For years – literally decades – Thad Cochran has been one of Mississippi’s most favored, if not favorite, politician.
Hardly any Mississippian – regardless of race, political affiliation, socioeconomic condition, religion or residency – had anything bad to say about Cochran, who was elected to the U.S. House in 1972 and to the U.S. Senate in 1978.
Even his 1984 campaign, which no doubt was his toughest until this year, was a civil affair. After all, both Cochran and his 1984 Democratic opponent, former Gov. William Winter, have through the years been about as civil as two politicians could be.
In August 2006, a Survey USA poll listed Cochran’s favorability rating at 66 percent and 28 percent negatives. I don’t even get ratings like that in my own home.

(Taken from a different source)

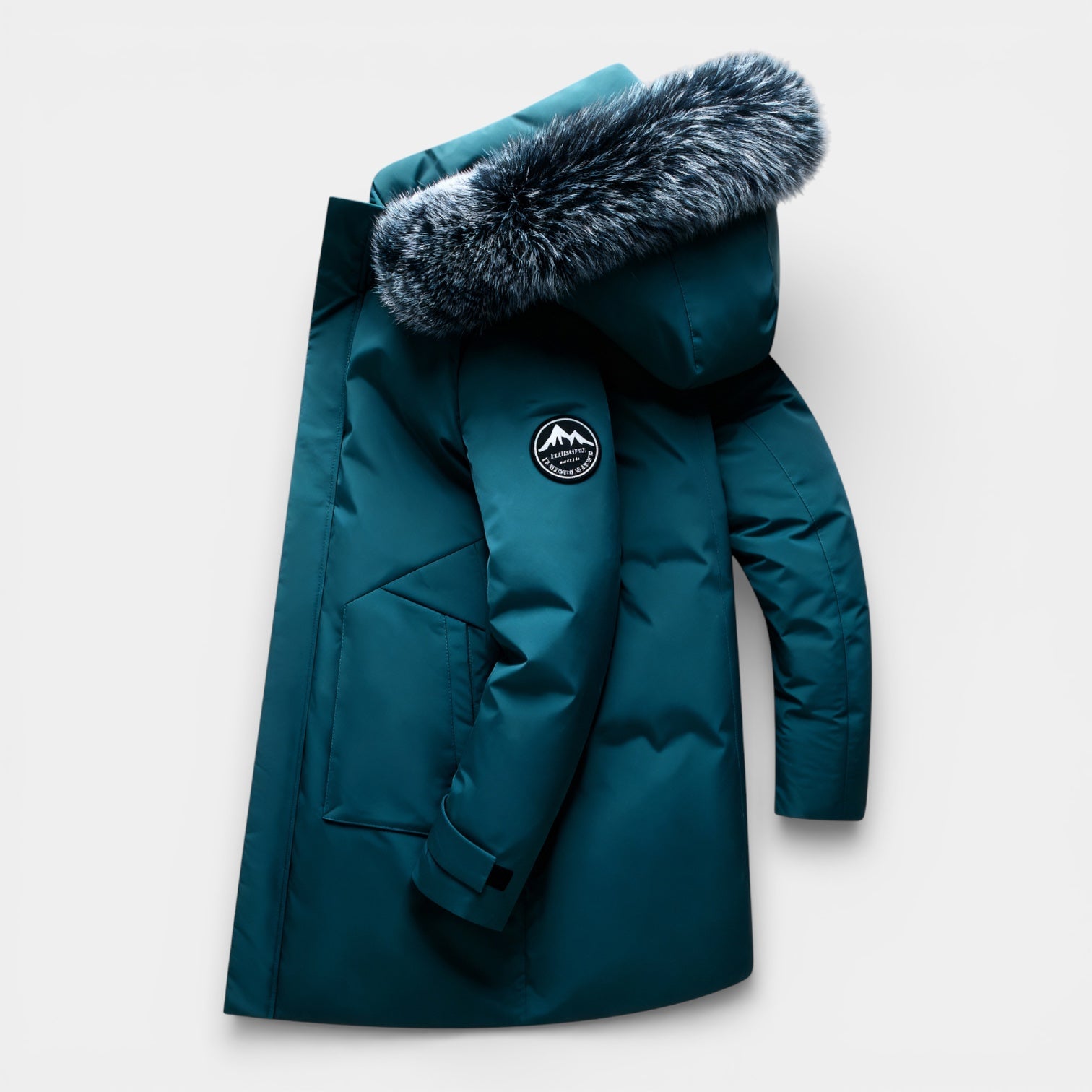 Parka long isolé pour homme avec capuche en fausse fourrure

Cochran probably does not get favorability ratings like that now after the bruising Republican primary and runoff against second-term state Sen. Chris McDaniel of Ellisville, a Tea Party favorite.
In a recent poll by Public Policy Polling, known as PPP, 47 percent of the voters approved of the job Cochran was doing while 37 percent disapproved – a dramatic drop from the earlier Survey USA numbers.

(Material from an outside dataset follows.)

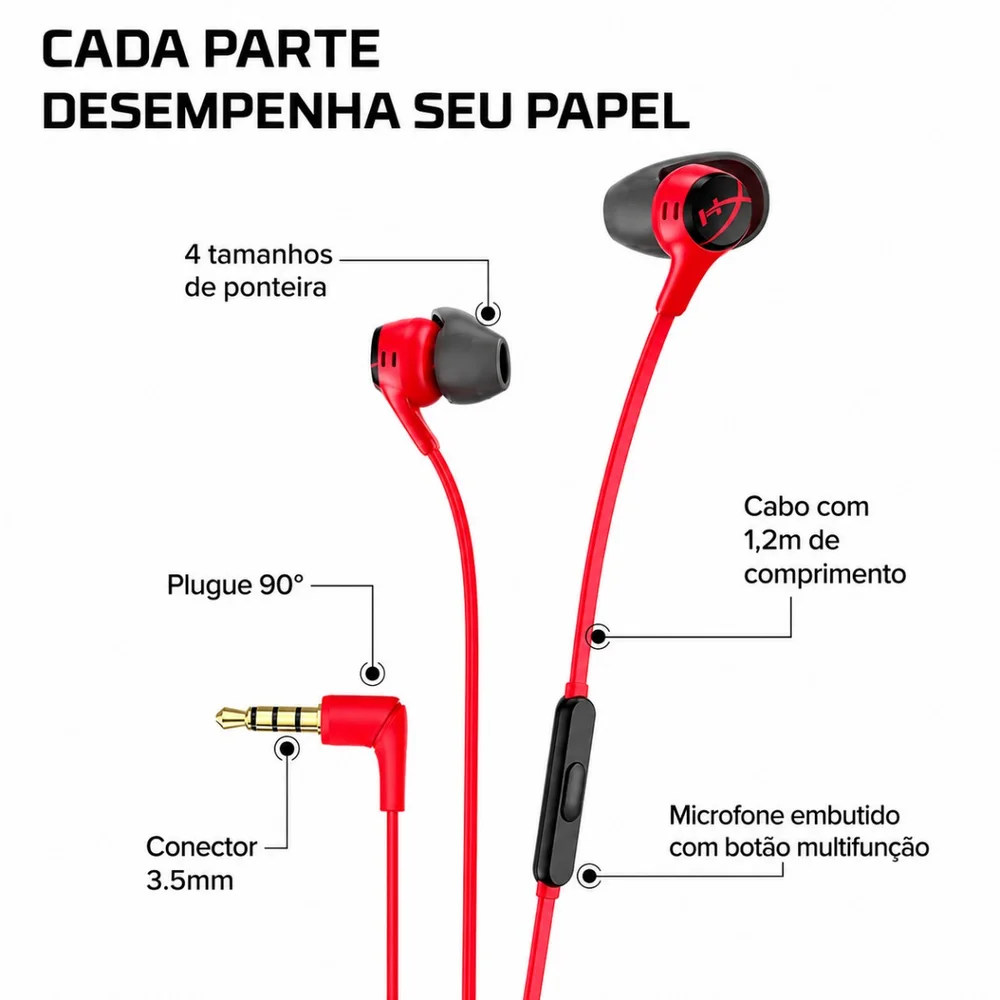 Imagem 5 de 5 do produto Fone De Ouvido Com Fio Gamer Hyperx Cloud Earbuds Ii Vermelho Ceb007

It should be pointed out that Cochran still has a 16-point lead in the poll against his November general election opponent – Democrat Travis Childers of Booneville, a former member of the U.S. House. But Cochran garnered only 40 percent support against Childers – a surprisingly low number for a six-term incumbent. And while Mississippi has strong Republican tendencies, it is unusual for a Democrat to get less than 40 percent of the vote in statewide elections.

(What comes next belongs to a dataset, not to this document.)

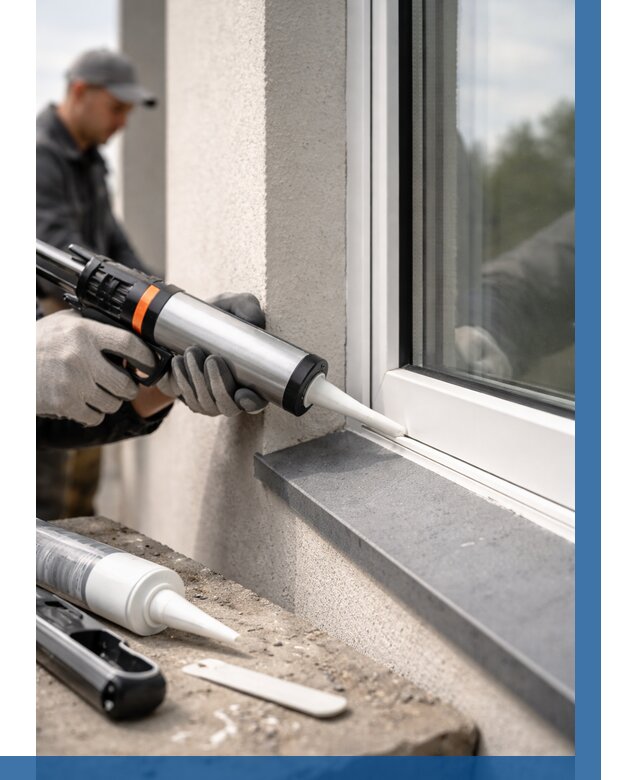 Герметизация монтажных швов окон в Котласе от 674 р. | ВЫСОТНИК-Ктл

It should not be surprising that Cochran’s approval rating has dropped. After all, he was hammered hard by McDaniel for not being conservative enough. McDaniel actually led the first primary, but could not garner the majority needed to avoid the runoff.
In the runoff, Cochran did something unusual. He moved to the center and courted Democratic voters to help him defeat McDaniel. While the number of Democrats lured to vote for him in the Republican runoff has been exaggerated by some, there is no question that in an election where Cochran won by less than 2 percentage points they made a difference.
But since that election, McDaniel and his supporters have not gone away. They have accused Cochran and his supporters of everything from relying on Democrats to win a Republican primary, to race baiting to actual voter fraud.
The PPP poll showed that at the current time Cochran actually has higher approval rating with Democrats than Republicans. But it is reasonable to expect most of those Democrats will return to Childers in November.
If that is the case, it does present some interesting dynamics for the Cochran campaign.
Does he run back to the right in the general election and does he attack Childers for being beholden to President Barack Obama and Washington liberals? That line of attack is a common one by Mississippi Republicans against Democrats. But will it work for Cochran when that is essentially what McDaniel accused Cochran of doing, and Cochran responded by courting Democratic voters to help him win the Republican primary?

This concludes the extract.